CLEVELAND — Although most people get excited in the summer months for warm weather and vacations, this is also one of the deadliest times of the year when it comes to car crashes. This is especially true amongst teen drivers, and experts think this year could be one of the worst.
"What we refer to as the '100 deadliest days' are the time between Memorial Day and Labor Day," Sgt. Ray Santiago with the Ohio State Highway Patrol told 3News. "More than one-third of our traffic fatalities and crashes happen in that condensed period."
The weather is warm, many teens are off from school and have just started driving and trips are usually a plenty. It all plays a role in dubbing this period as the "100 deadliest days," in particular for such teen drivers.
According to AAA, more than 7,000 people died in that time period due to crashes involving teen drivers from 2010-19. This year could be one of the worst yet, after many events and reasons for travel were canceled last summer. It’ll add to the number of inexperienced drivers logging miles for the first time.

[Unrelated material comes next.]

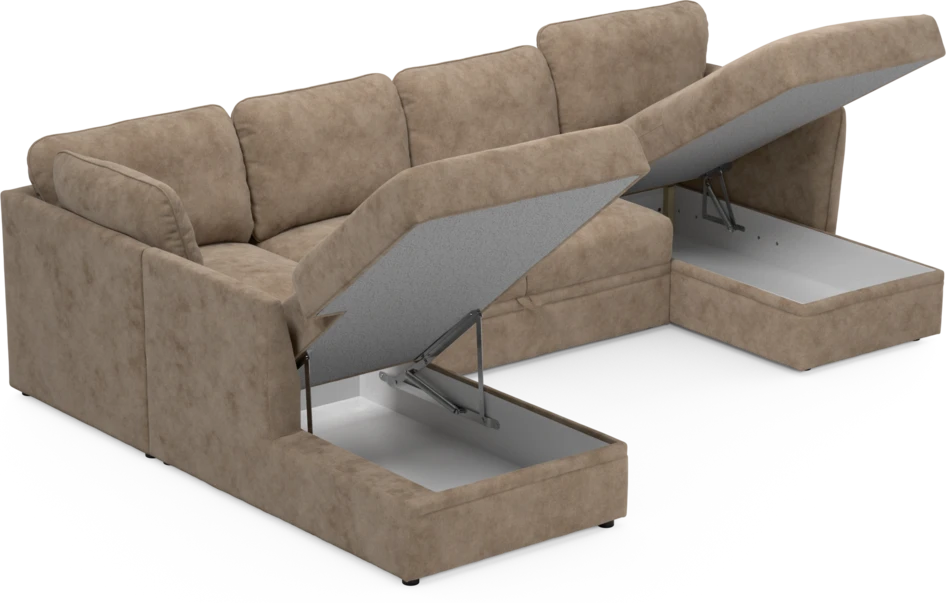Öland - Bäddsoffa med divan vänster och schäslong höger - Beige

"Drivers who have just acquired their license or were in the process of trying to do so, they kind of got shut down and absolutely lost some of that experience and training time," Santiago explained.

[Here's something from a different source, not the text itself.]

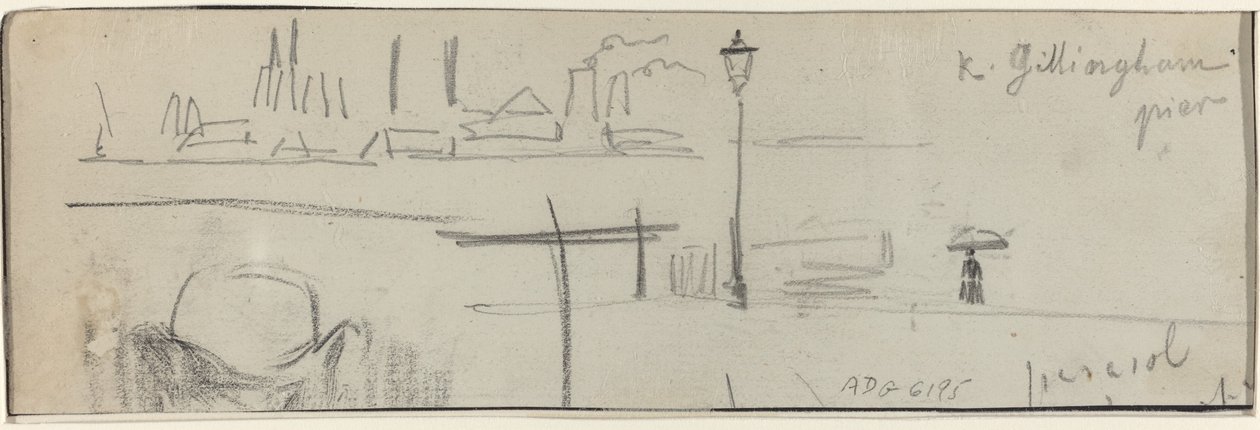 Gillingham Pier, London [verso] af Felix Hilaire Buhot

So as a parent, what can you do? AAA recommends at least 65 hours of monitored driving before you allow your teen to get behind the wheel on their own. OSHP adds one of the best things you can do is lead by example, saying you shouldn’t be doing anything while driving that you don’t want your young driver to mimic.
"I'm sure that every teenager can account for seeing mom, dad or their guardian do something that they kind of look over and say, 'You wouldn’t let me do that,'" Santiago said, "so make sure that we are leading by example."
AAA found that for every mile driven, new teen drivers between the ages of 16 and 17 are three times more likely to be involved in a deadly crash than adults. This is, of course, due to inexperience, but also distracted or aggressive driving, speeding and not wearing a seatbelt. The outcome, however, is always something that stays with first responders like Santiago.
"What always hits home for me and the one thing that we never get used to is making death notifications," he said. "Specifically for teens or youthful drivers who had so much life ahead of them, there's no excuse good enough or worth putting your life in danger. Drive safe and let's just enjoy this summer."